Strajk na lotnisku zaczął się w środę wieczorem i biorą w nim udział pracownicy zajmujący się bagażami, osoby sprzątające samoloty, pracownicy ochrony, opiekunowie zajmujący się osobami na wózkach inwalidzkich, pracujący na terminalach. Wszyscy są pracownikami niezrzeszonymi w związkach zawodowych, zatrudnionymi przez podwykonawców, którzy pracują dla miasta i linii lotniczych.
"Lotniska napędzają ekonomicznie miasta. Nie ma co do tego wątpliwości" - powiedział Tom Balanoff, prezydent SEIU, Lokal 1. "Wiemy, że linie lotnicze są rentowne, rzeczywiście bardzo opłacalne. I tym powinny się dzielić".
Od godziny 10 wieczorem w środę pracownicy zaczęli opuszczać swoje miejsca pracy na 24 godziny. O'Hare jest jednym z 9 lotnisk, gdzie odbywają się 24-godzinne strajki.

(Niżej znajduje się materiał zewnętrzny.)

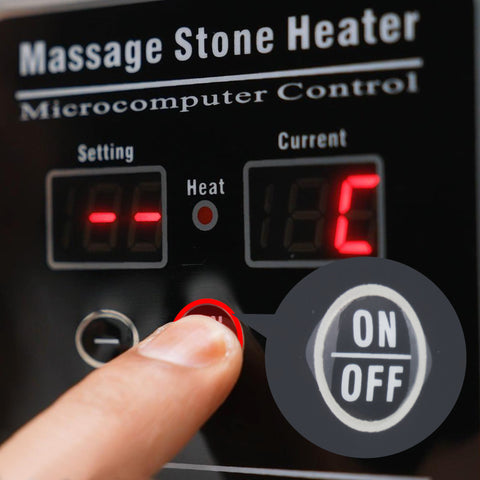 Image of Professional Digital Massage Stone Heater, 6 quart
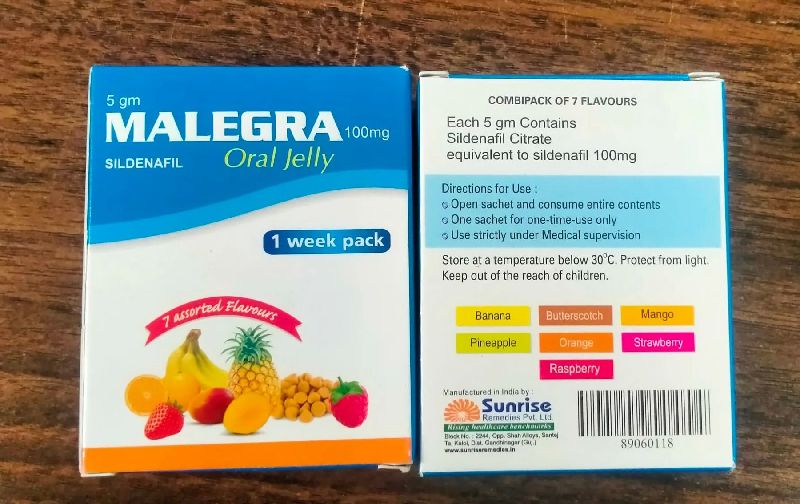 Malegra 100mg Oral Jelly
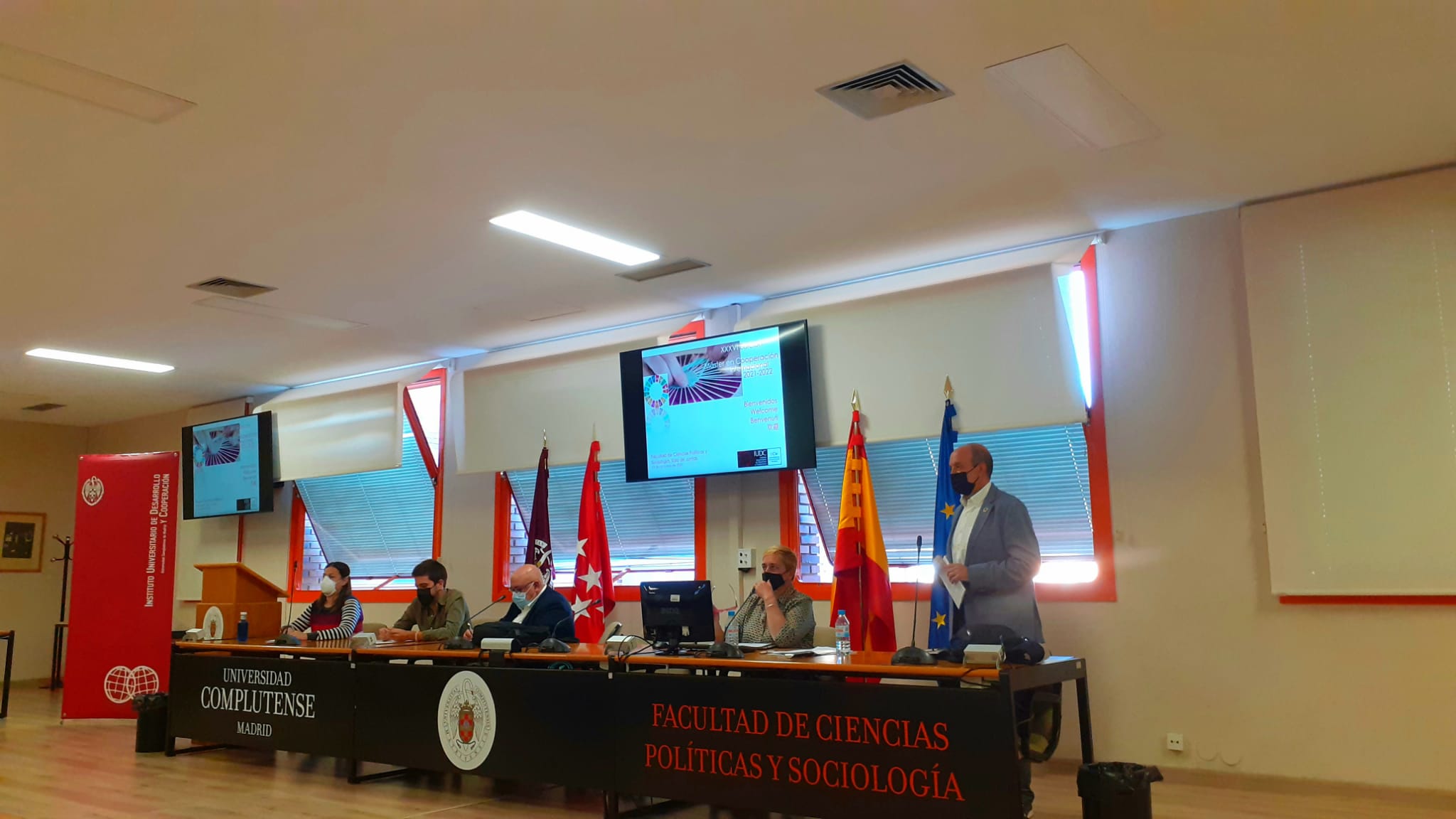 Presentación de la XXXVI edición del Máster en Cooperación Internacional 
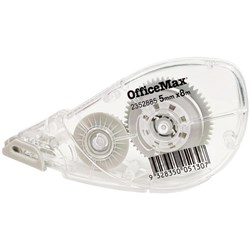 OfficeMax Correction Tape Front Operating 5mm x 8m
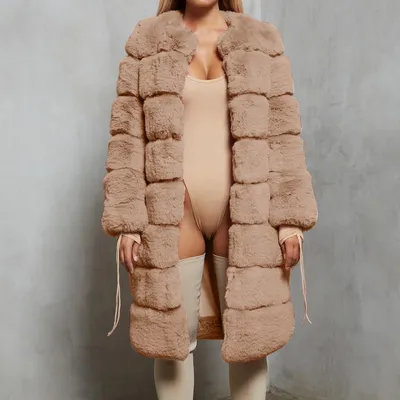  Foreign Trade New Imitation Fur Coat Cotton Coat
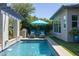 Inviting pool area with built-in BBQ and lounge chairs for poolside relaxation at 5515 S Caisson Way, Mesa, AZ 85212
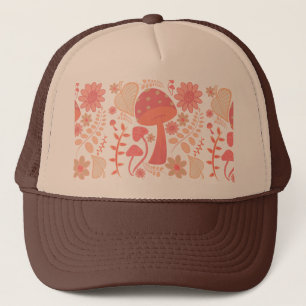 Peach Fuzz Farbe des Jahres Pilze Blumenbeete Truckerkappe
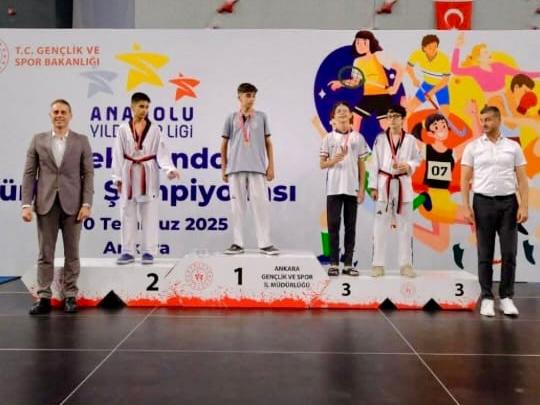 Elazığlı Taekwondocular Türkiye Üçüncüsü Oldu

Robotnicy domagają się świadczeń i wyższych zarobków. Ich zarobki wahają się od mniej niż $13/godzinę do mniej niż 7 dolarów na godzinę dla opiekunów osób niepełnosprawnych.
Strajkujący chcą również lepszych szkoleń w zakresie bezpieczeństwa, zwłaszcza w obliczu ataków terrorystycznych, które miały ostatnio miejsce w Brukseli.
Władze O'Hare zapewniają, że na lotnisku nie będzie żadnych przerw w obsłudze, chociaż to właśnie strajkujący pracownicy odgrywają rolę w sprawnym funkcjonowaniu całego lotniska.
W swoim oświadczeniu Chicagowski Departament Lotnictwa powiedział, że nie przewiduje żadnego wpływu na działalność portów lotniczych. "Będziemy kontynuować wysiłki, zapewniając, że porty lotnicze w Chicago są bezpieczne dla naszych pasażerów i pracowników, jednocześnie skupiając się nad ulepszeniem jakości usług".
Pracownicy, którzy opuszczą miejsca pracy, są zatrudnieni przez trzy firmy: Universal Security, Prospect Airport Services i Scrub, Inc. Wiadomości zostawione tym spółkom pozostały bez odpowiedzi.